Wypadkami zajmuje się zarówno Główny Urząd Statystyczny, Zakład Ubezpieczeń Społecznych, jak i Państwowa Inspekcja Pracy. Każde z nich ma inną metodę szacowania liczby wypadków przy pracy i określania ich przyczyn.
Nie mniej ważnym problemem jest to, że nie wszystkie wypadki są oficjalnie zgłaszane. Choć jest to problem wszystkich europejskich państw, w Polsce nie zgłasza się także wypadków, w wyniku których pracownik odniósł ciężkie obrażenia lub wręcz śmiertelnych.
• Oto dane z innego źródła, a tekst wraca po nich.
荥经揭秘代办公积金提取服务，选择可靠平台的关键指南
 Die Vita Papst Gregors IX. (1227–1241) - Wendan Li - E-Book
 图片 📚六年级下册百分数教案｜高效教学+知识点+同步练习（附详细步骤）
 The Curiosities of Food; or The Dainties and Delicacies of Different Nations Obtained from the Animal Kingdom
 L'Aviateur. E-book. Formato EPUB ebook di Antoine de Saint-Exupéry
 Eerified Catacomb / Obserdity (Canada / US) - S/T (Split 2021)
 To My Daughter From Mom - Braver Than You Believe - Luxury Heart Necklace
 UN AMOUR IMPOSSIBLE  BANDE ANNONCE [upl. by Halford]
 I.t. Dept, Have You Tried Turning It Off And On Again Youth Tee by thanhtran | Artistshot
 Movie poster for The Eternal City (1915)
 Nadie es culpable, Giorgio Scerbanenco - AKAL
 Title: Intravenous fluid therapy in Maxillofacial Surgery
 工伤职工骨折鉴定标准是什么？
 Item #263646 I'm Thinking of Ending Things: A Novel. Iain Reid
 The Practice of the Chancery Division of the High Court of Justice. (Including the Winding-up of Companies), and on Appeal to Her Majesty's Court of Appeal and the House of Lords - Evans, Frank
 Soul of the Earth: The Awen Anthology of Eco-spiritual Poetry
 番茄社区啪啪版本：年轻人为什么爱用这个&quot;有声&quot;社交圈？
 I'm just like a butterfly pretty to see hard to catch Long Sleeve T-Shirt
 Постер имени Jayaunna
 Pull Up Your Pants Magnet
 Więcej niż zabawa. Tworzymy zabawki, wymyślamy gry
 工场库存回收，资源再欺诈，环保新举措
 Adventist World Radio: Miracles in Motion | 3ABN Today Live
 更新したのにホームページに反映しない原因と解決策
Według danych Centralnego Instytutu Ochrony Pracy do GUS nie trafiają informacje nawet o co czwartym takim wypadku. Szczególnie dotyczy to najmniejszych przedsiębiorstw.
Przykładowo, w 2012 r. ZUS zarejestrował ponad 115 tys. wypadków przy pracy w firmach zatrudniających ponad dziewięciu pracowników, w tym 1 tys. wypadków ciężkich i śmiertelnych. Tymczasem do GUS trafiła informacja tylko o 85 tys. wypadków, w tym tylko 800 ciężkich i śmiertelnych. Jeszcze inne dane podaje Państwowa Inspekcja Pracy.
Rozwiązaniem problemu mogłoby być połączenie baz informacyjnych tych trzech instytucji, tak by wspólnie gromadziły wiadomości na temat jak największej liczby wypadków.
Niezbędna jest także reforma zbierania informacji o przyczynach wypadków. CIOP rekomenduje więc zmiany w ankiecie, którą przedsiębiorcy wypełniają po wypadku. Zawiera ona zbyt wiele pytań otwartych. Powinny zostać uszczegółowione. Rada Ochrony Pracy będzie też analizowała okoliczności sprawiające, że co roku kilkadziesiąt tysięcy osób traci zdrowie w pracy.